I constructed a simple benchmark that just makes a bunch of draw calls per frame (and nothing else). That benchmark is artificial, shows a consistent performance hit from this commit:
10000 draws: 217 vs 183 2000 draws: 860 vs 772 500 draws: 1900 vs 1840
Is that just the `QueryPerformanceCounter()` overhead? I.e., what does the benchmark say if you always return false from `should_periodic_submit()`?
So... I don't know what I was testing originally, but I can't reproduce that huge difference anymore. Skipping should_periodic_submit entirely, I see 217 vs 213 fps for 10000 draws, and no consistent measurable difference for 2000 draws.
I'm pretty sure my original tests were at least missing patch 1/2, so maybe that made the difference.
Oops, it did. By calling wined3d_context_vk_begin_render_pass() and then accessing the command buffer directly, it bypassed the periodic submit logic. With that fixed I'm getting the same numbers as before.
You already have a benchmark, see if it improves? :) The hit from this doesn't necessarily seem bad enough to block the MR, but I think the benchmark results do seem to hint at adding roughly 10% draw call overhead. If we could get that down to e.g. 1% or less, that seems worth pursuing.

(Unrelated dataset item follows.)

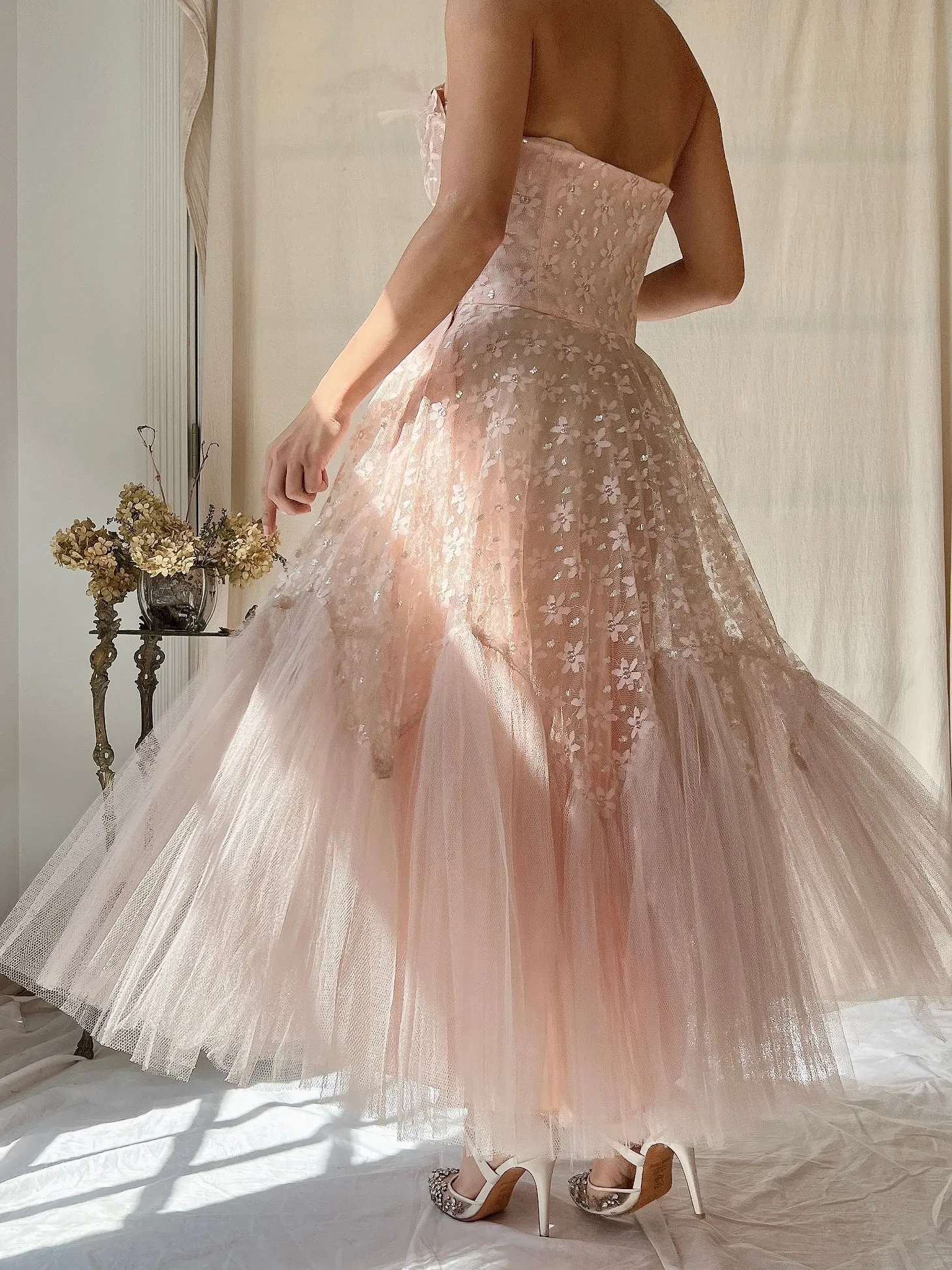 1950s Dusty Pink Tulle and Lace Dress - XS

I tried this [set a waitable timer to 1 ms, and use QueryInterruptTime()], and it gets me about 211 fps. The difference between that and the original 217 fps is mostly the submit, but QueryInterruptTime() does hurt a bit, probably because of the loop? Directly accessing user_shared_data->InterruptTime.LowPart (which is the only part we need) is better; I'm not seeing any measurable difference between that and upstream Wine.
So I see three potential ways forward:
* Decide we don't care about an artificial benchmark, and just use this merge request as-is.
* Decide the server is okay with raising the tick count interval to 1 ms after all, at least if guarded by timeBeginPeriod()/timeEndPeriod(), and then use the interrupt time or tick count here.
* Try an approach that uses a separate thread. This may be a good idea anyway, since my benchmark shows that submitting does have some nonnegligible overhead.